[Records drawn from a dataset]
■ ■ ■

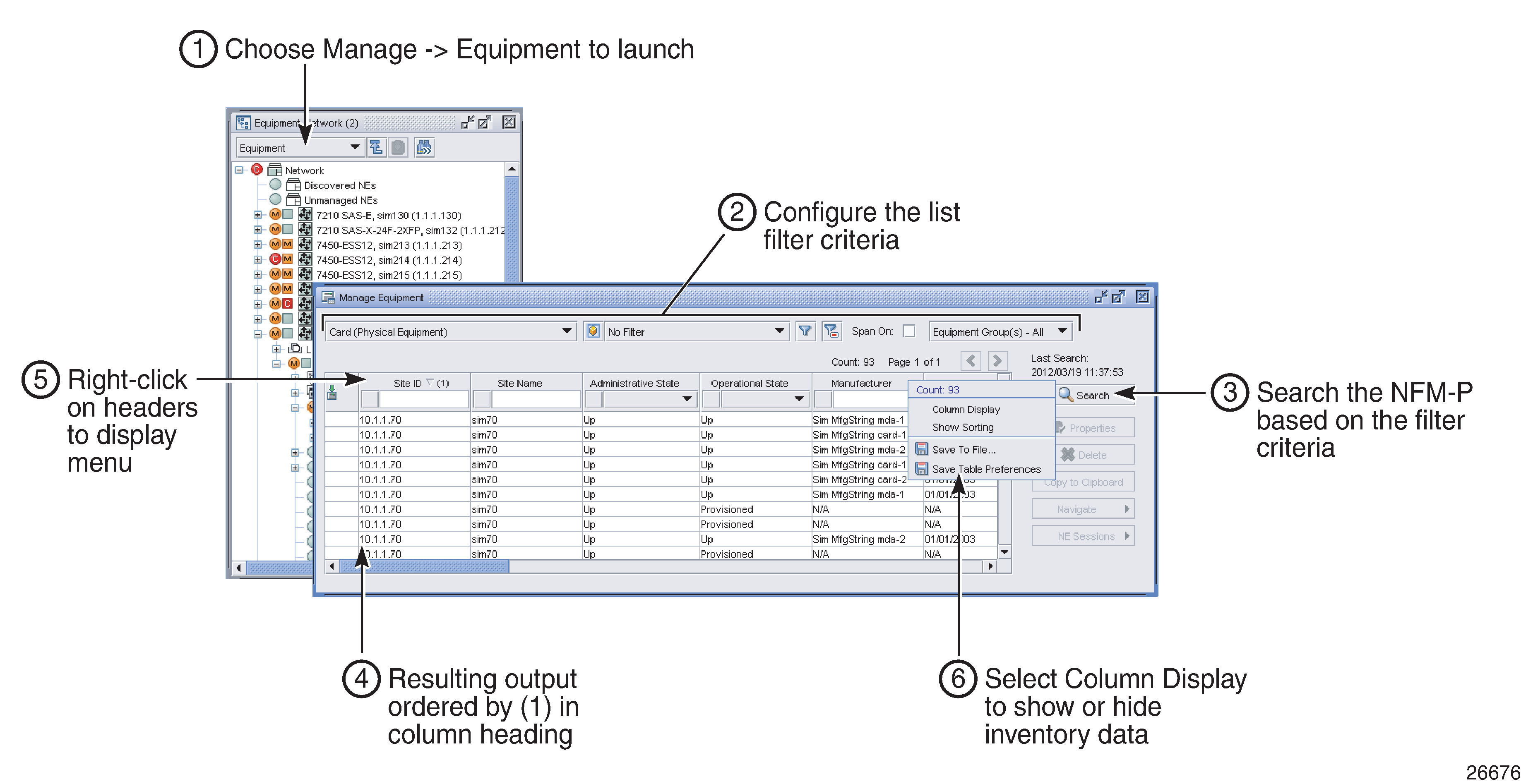 Generating inventory data for all managed NEs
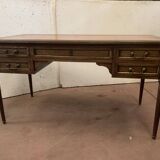 Louis XVI style flat desk in mahogany top of fawn leather XX century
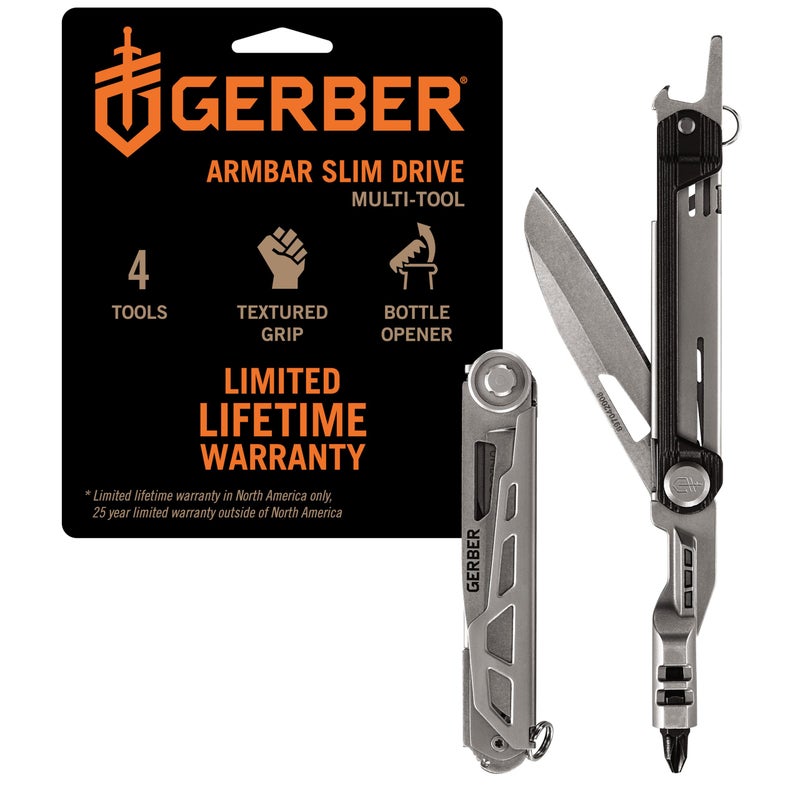 Gerber Gear Armbar Slim Drive Pocket Knife EDC Multitool with Screwdriver, Bottle Opener, Onyx - Image 1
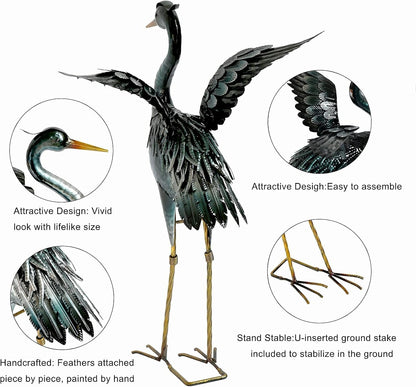 chisheen Crane Garden Statue Sculpture, Metal Heron Outdoor Decor, Yard Art Bird Decoy for Backyard Pond Patio Porch Lawn Decorations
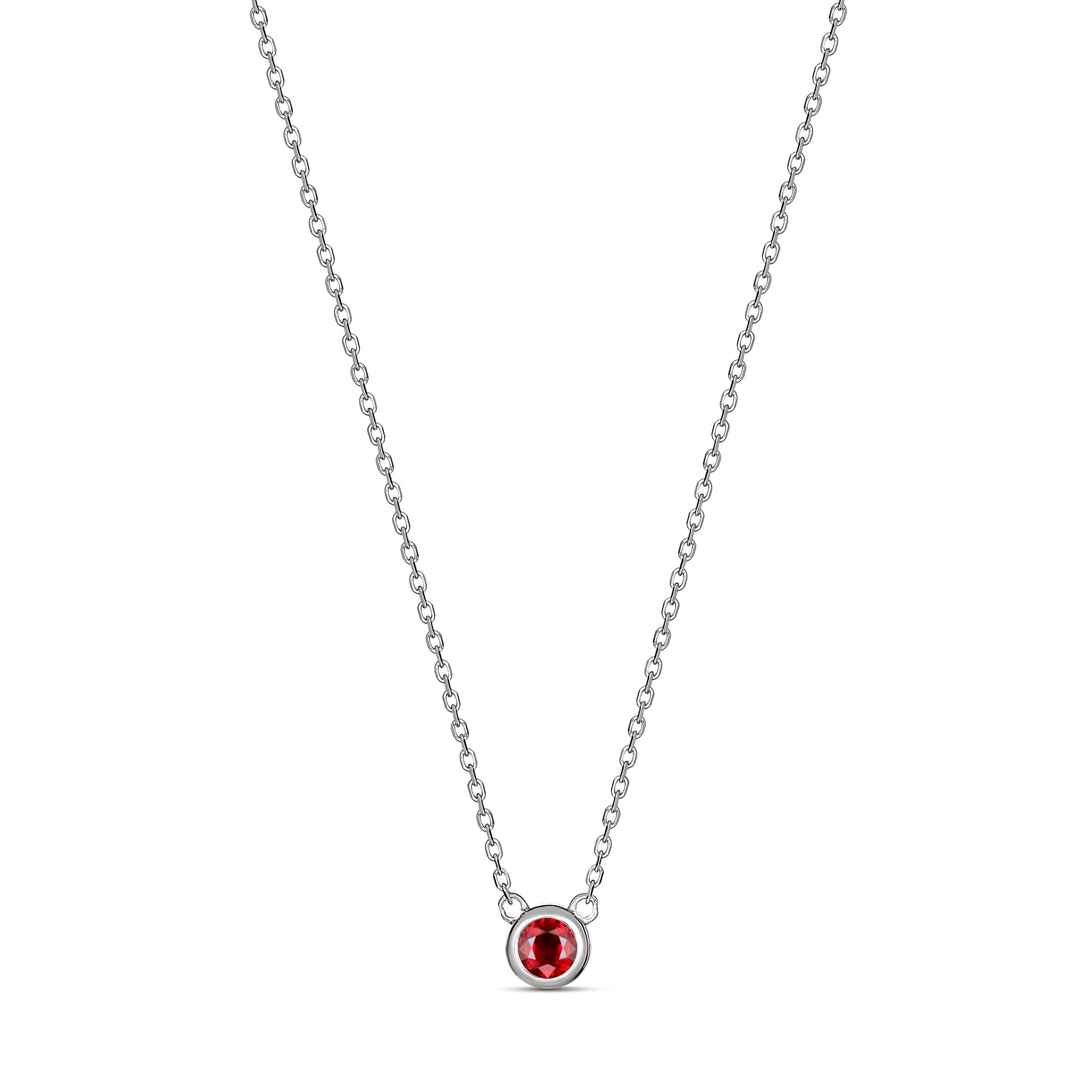 9ct White Gold Bezel Set Natural Ruby Necklace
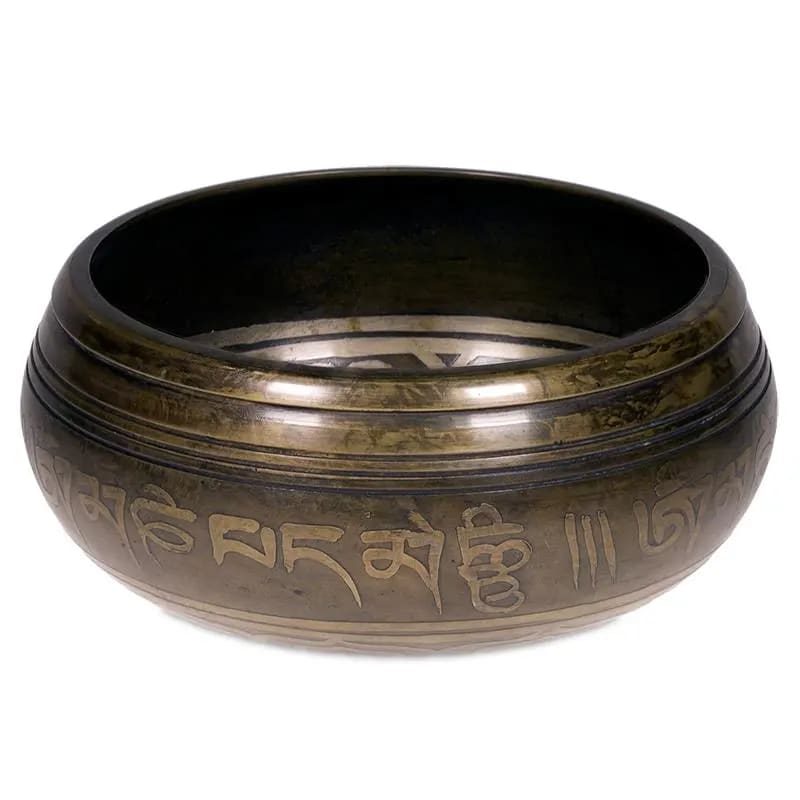 Campana Tibetana incisa con Buddha Shakyamuni e Mantra 550g | Scopri su Clorophilla Shop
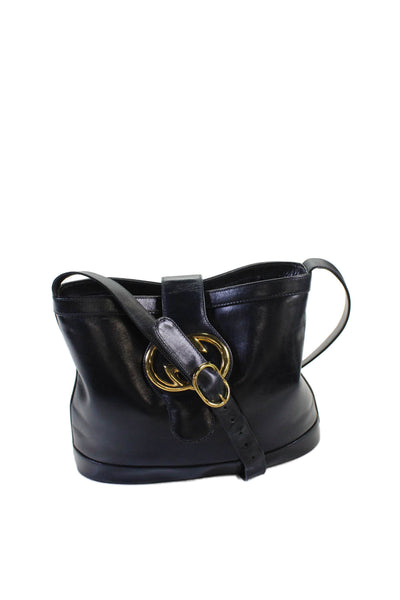 Gucci Womens Vintage Leather GG Embellished Hobo Shoulder Handbag Deep Navy
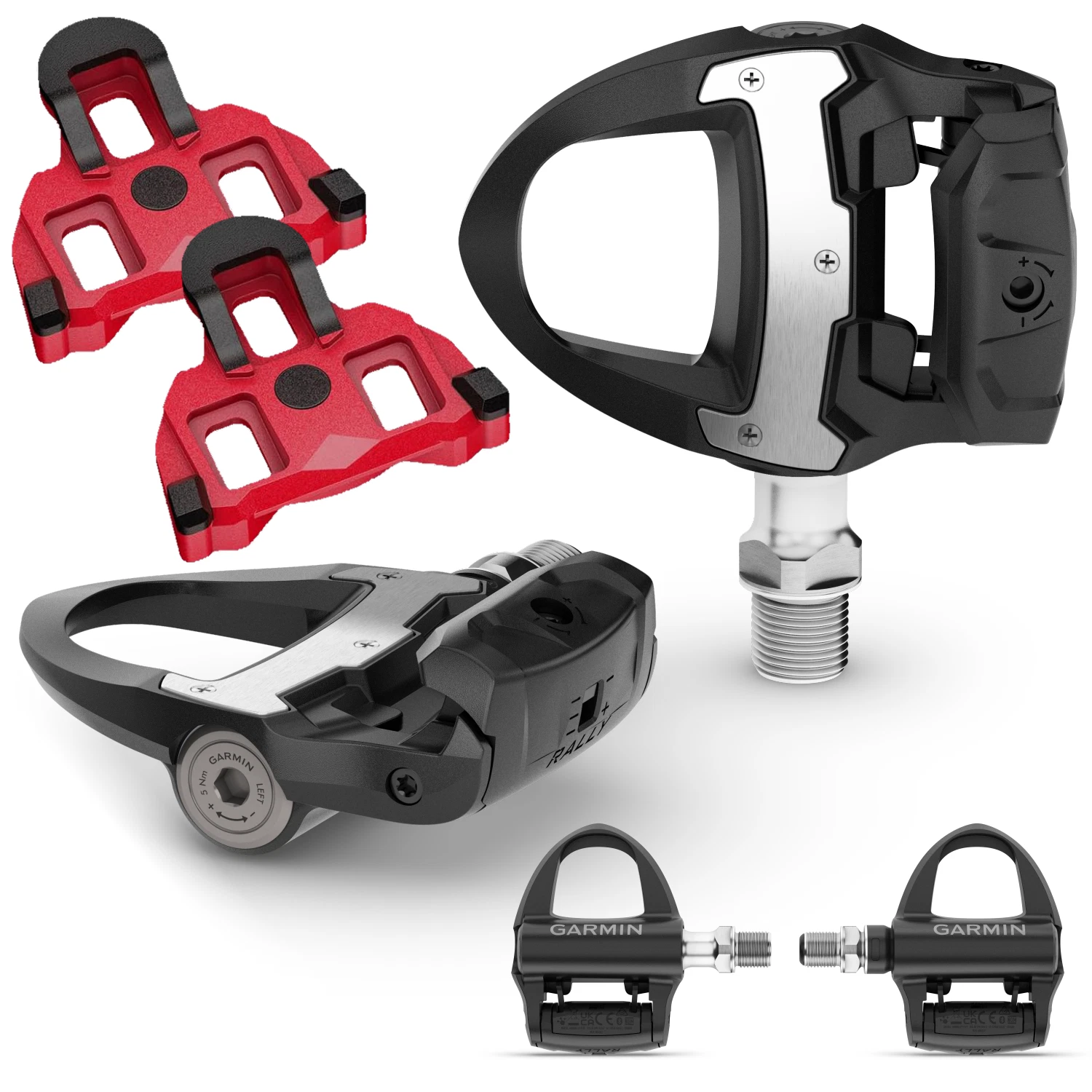 Garmin Rally RS110 Single-Sensing Road Power Meter Pedals – SPD-SL, Upgradeable, Rechargeable 90h w/ Wearable4U Power Bank Bundle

■ ■ ■

• **Work required**: All of the data should come back exactly as written, but without pictures.

• **Answer section**:
 Generating inventory data for all managed NEs
 Louis XVI style flat desk in mahogany top of fawn leather XX century
 Gerber Gear Armbar Slim Drive Pocket Knife EDC Multitool with Screwdriver, Bottle Opener, Onyx - Image 1
 chisheen Crane Garden Statue Sculpture, Metal Heron Outdoor Decor, Yard Art Bird Decoy for Backyard Pond Patio Porch Lawn Decorations
 9ct White Gold Bezel Set Natural Ruby Necklace
 Campana Tibetana incisa con Buddha Shakyamuni e Mantra 550g | Scopri su Clorophilla Shop
 Gucci Womens Vintage Leather GG Embellished Hobo Shoulder Handbag Deep Navy
 Garmin Rally RS110 Single-Sensing Road Power Meter Pedals – SPD-SL, Upgradeable, Rechargeable 90h w/ Wearable4U Power Bank Bundle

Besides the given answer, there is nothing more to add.